### [Dataset records]

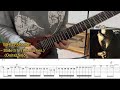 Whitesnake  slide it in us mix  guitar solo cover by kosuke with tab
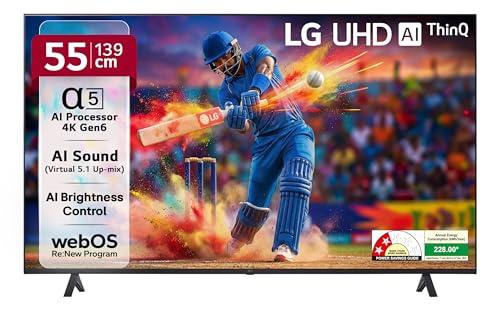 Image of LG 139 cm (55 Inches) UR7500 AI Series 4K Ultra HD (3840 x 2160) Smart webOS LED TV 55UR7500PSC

--

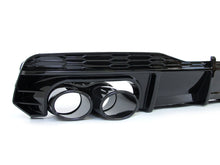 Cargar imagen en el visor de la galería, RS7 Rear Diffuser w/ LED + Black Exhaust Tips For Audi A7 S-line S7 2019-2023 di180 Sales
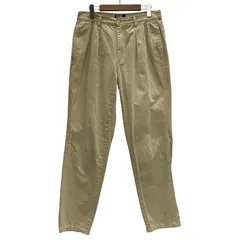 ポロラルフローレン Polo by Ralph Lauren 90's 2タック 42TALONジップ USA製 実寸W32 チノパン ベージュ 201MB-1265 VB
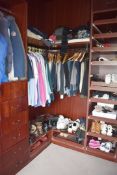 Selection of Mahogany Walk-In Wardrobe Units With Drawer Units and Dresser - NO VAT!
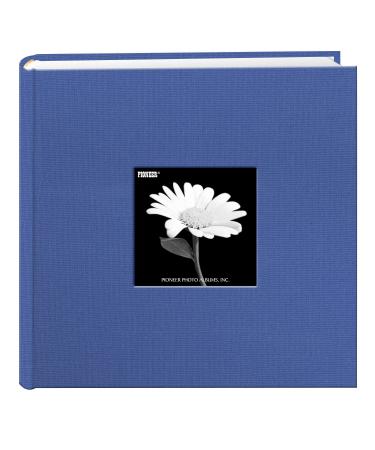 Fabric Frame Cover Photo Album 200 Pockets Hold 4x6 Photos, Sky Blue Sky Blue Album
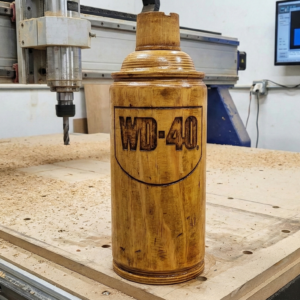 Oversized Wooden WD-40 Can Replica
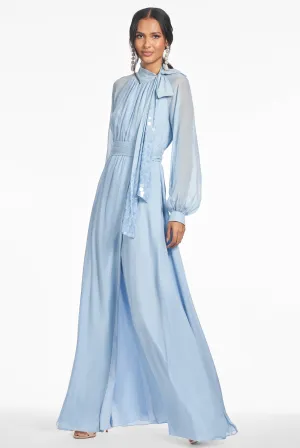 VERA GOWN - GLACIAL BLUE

### [How to complete this task]
Every line above in the stretch from the one with "kosuke with tab" through the one with "Image of LG" is to be transcribed exactly, ends included. No picture is copied.

### [Task result]
 Whitesnake  slide it in us mix  guitar solo cover by kosuke with tab
 Image of LG 139 cm (55 Inches) UR7500 AI Series 4K Ultra HD (3840 x 2160) Smart webOS LED TV 55UR7500PSC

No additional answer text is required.